Tuesday, May 10, 2011

Burn out

Parenting is hard work.
I mean really hard.
How do you teach your children to be respectful, of you, of others, of property, of animals?
How do you teach your children to obey right away, and give them a voice?
How do you teach your children, that despite their pasts, their future is bright?
How do you teach your children to trust, when no one has ever been trustworthy toward them?
How do you instill dignity and worth in a child who has been abused and neglected by those who are suppose to protect and hear them?
How do you teach a two year old to cover her mouth when she coughs?

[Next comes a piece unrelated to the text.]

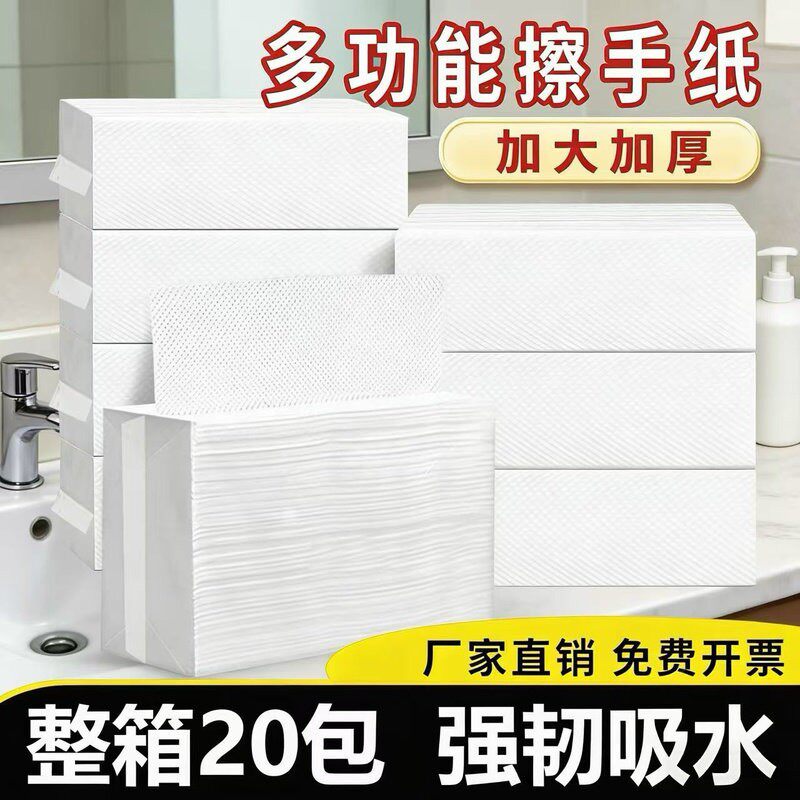 20包擦手纸商用家用一次性酒店擦手专用纸卫生间厕所抹手厨房擦手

Some days this gets overwhelming. And its because this is suppose to be happening in the midst of cleaning up, and diaper changes, and driving to visits, and doctors appointments, laundry, and life... these lessons have to be taught, or caught, while I am doing lot's of other things.

Today I called David, "S.O.S What do I do?"
These calls happen occasionally, if he doesn't answer, Laurie is next. Sometimes I am stumped. These kids are hard to figure out, how do I respond to this, or this? How do I talk about this?

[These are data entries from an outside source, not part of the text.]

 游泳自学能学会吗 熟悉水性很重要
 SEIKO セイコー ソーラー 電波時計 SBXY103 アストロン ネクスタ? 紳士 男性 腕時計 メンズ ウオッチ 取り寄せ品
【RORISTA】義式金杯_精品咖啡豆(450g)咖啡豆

Sometimes I realize I am making decisions based on my sanity rather than on what is best for my children's long term character development:)
And I am sure that is not the best... but it's the best I have on some days.

I realize that there are lessons and character issues being instilled now, in my four, three, and two year old.

So some nights I tell David that Nugget and I are headed to the beach, we'll be back when he has got the rest of this figured out...
You can find us in the sand.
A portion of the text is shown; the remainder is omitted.